Мы получали в готовом виде все — чувства, песни, рассуждения добро и зло (так у Л.Л.!). Но получали в готовом виде и подлость, как пилюли, как политический витамин. И глотали, глотали, не раздумывая и не задумываясь ни над чем.

 

* * *

Постепенно выработался стиль образцово-показательной интеллигентности. Уже говорят «благодарю за внимание», а наступая на ноги, — «извиняюсь».

Пошло сплошное социал-утепление. Банальность и пошлость были взяты на службу, на высокий оклад. Они должны были смягчить и ликвидировать противоречия.

Все стали болтать, полагая, что это и есть проявление необузданных демократических свобод. В журналах появились голые ноги, снятые выше колен не менее чем на два с половиной сантиметра.
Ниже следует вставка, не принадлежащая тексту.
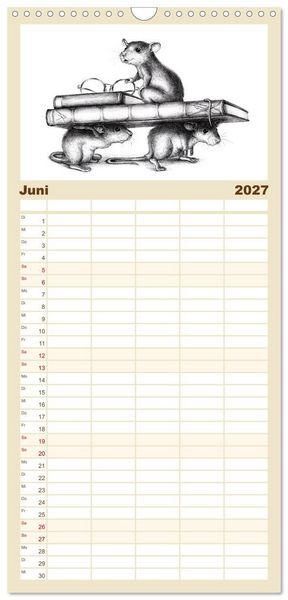 Produktbild: Familienplaner 2027 - owls & friends 2027 mit 5 Spalten (Wandkalender, 21 x 45 cm) CALVENDO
Равно появились статьи о бюрократах, с уклоном гражданской озабоченности.

Все засуетились, как девочки перед богатым клиентом. Богатым клиентом оказался Запад. Надо было показать ему товар лицом. Надо было показать изысканные манеры и самобытную раскованность.
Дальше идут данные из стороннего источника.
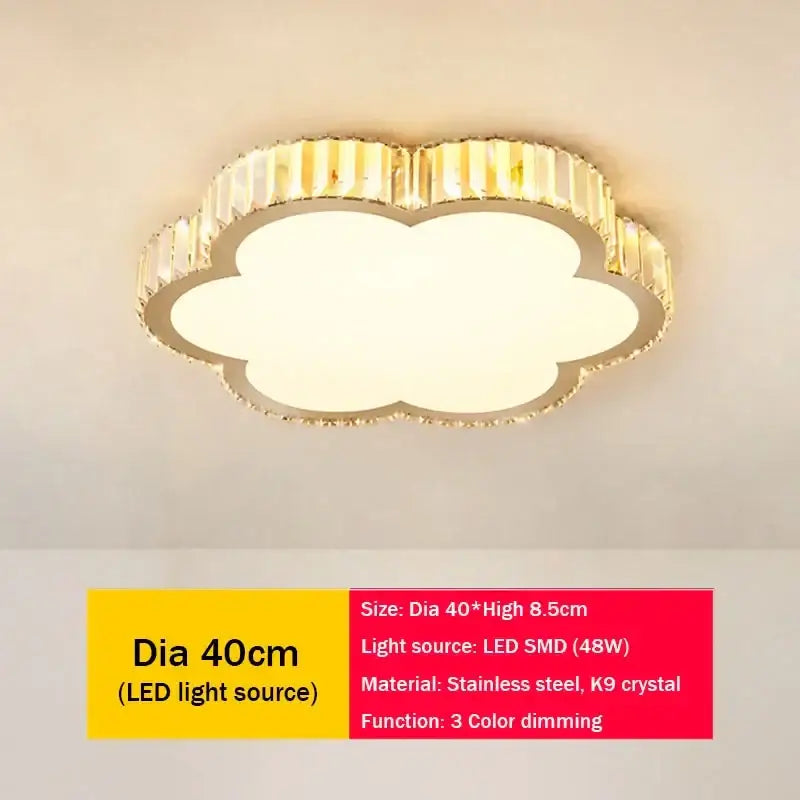 Gold Crystal Moon Ceiling Light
И опять надо было показывать, показывать, показывать потому что иного самопроявления никто себе не представлял.

 

* * *

Первой марксисткой была баронесса Женни фон Вестфален.

Революции затевают образованные поколениями люди, восстающие прежде всего против своего класса. Но объединиться бывает трудно даже им.
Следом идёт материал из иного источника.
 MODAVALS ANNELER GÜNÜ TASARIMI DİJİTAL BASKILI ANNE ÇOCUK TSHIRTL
Ненависть толпы к образованным людям непреходяща. Толпа всегда реакционна и еще никогда не собиралась добровольно для созидательной деятельности. Но зато для того, чтобы метнуть толпу на разрушение, — нужно только свистнуть.

Бывают моменты, когда интеллигентные вожди направляли какое-то время разрушительную деятельность толпы в более или менее оптимальное русло. Но эти моменты длились недолго. Они были яркими вспышками, освещавшими разгневанные и вместе с тем растерянные лица.

Практика истории показала, что толпа реакционна и более приспособлена к повиновению, чем этого хотелось бы. Увы, печально.

И повелевать толпою может только тот, кто действует согласно ее инстинктам.

Разум здесь ни при чем.

Моисей вел евреев сорок лет по безводной пустыне, терпеливо ожидая пока вымрет два поколения рабов. Он хотел привести в землю обетованную свободных людей. Не вышло. Бог прощал отклонение от догмы любому выпивохе и сутяжнику, но не прощал своим декурионам. Если бы он хоть раз не простил толпе ее мерзостей — бога давно уже не было бы. Но старик хитер. Он знает, что дело не в разуме, а в инстинктах. Разумный Моисей не увидел земли обетованной, за то что один всего разок усумнился, увидит ли. Но землю обетованную наполнила толпа, которая ни разу не усумнилась в том, что все на свете вздор, кроме бесплатной манны.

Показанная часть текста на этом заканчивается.